Montabaur was one of the five Regierungsbezirke of Rhineland-Palatinate, Germany into which the newly founded state was divided until 1968.  The others were:  Rheinhessen (established 1946, seat in Mainz), Pfalz (established 1945, seat in Neustadt an der Weinstraße), Koblenz and Trier (both established by Prussia in 1816.

History 
Regierungsbezirk Wiesbaden, formed in 1866 as part of the  Prussian province of Hesse-Nassau, had been divided by after the Second World War by the occupying powers as it lay astride a zone boundary.
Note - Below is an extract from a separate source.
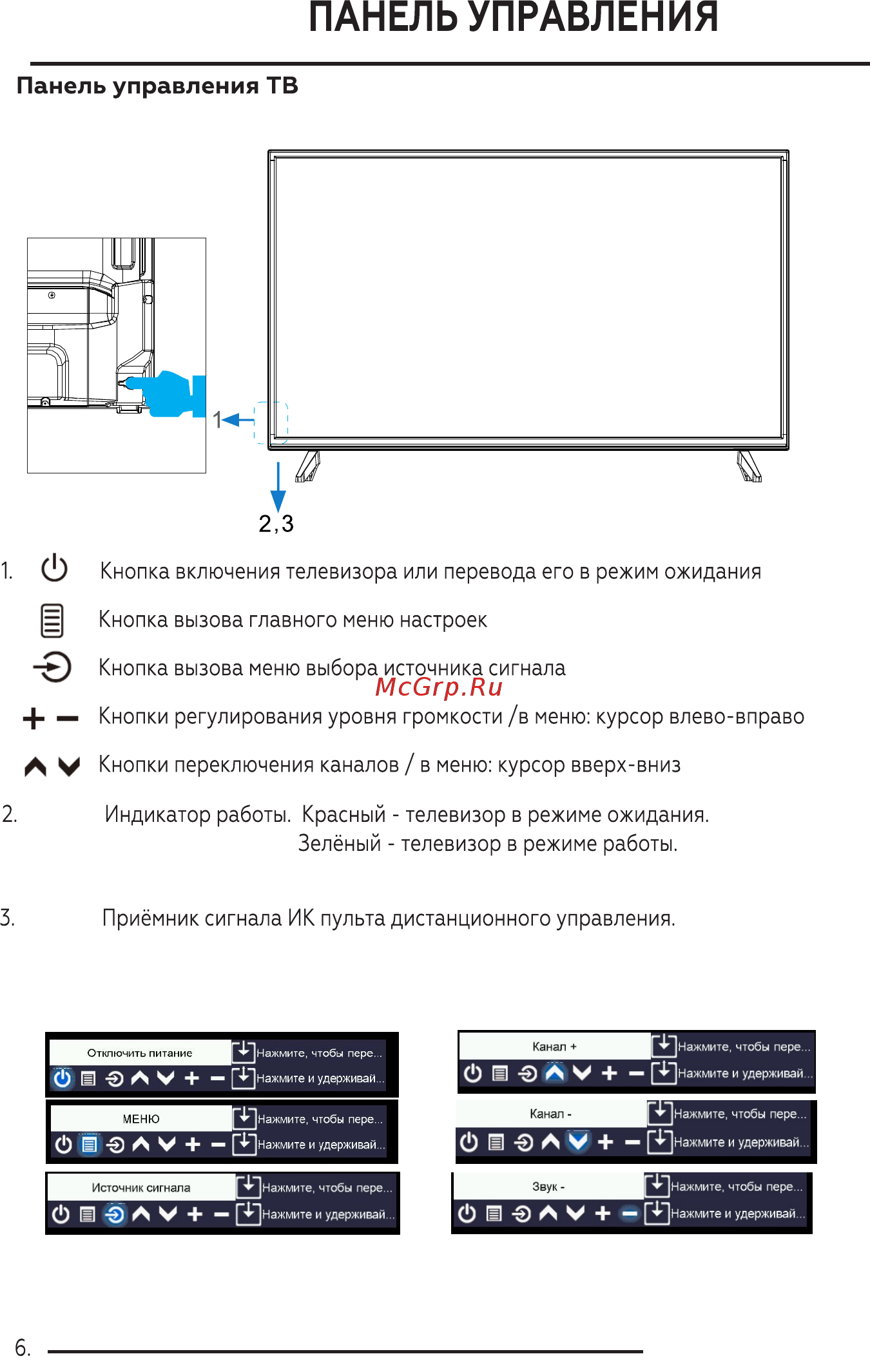 BQ 5001B [8/40] Приёмник сигнала ик пульта дистанционного управления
The majority of the Regierungsbezirk lay in the American Zone and became part of the state of Hesse in 1945. The Regierungsbezirk of Montabaur had to be created for the smaller northwestern part and became part of the state of Rhineland-Palatinate in 1946.

The Regierungsbezirk of Montabaur was dissolved on 1 October 1968 and incorporated into  Koblenz. The area of Regierungsbezirk Montabaur largely corresponds to the modern counties of  Rhein-Lahn-Kreis and Westerwaldkreis.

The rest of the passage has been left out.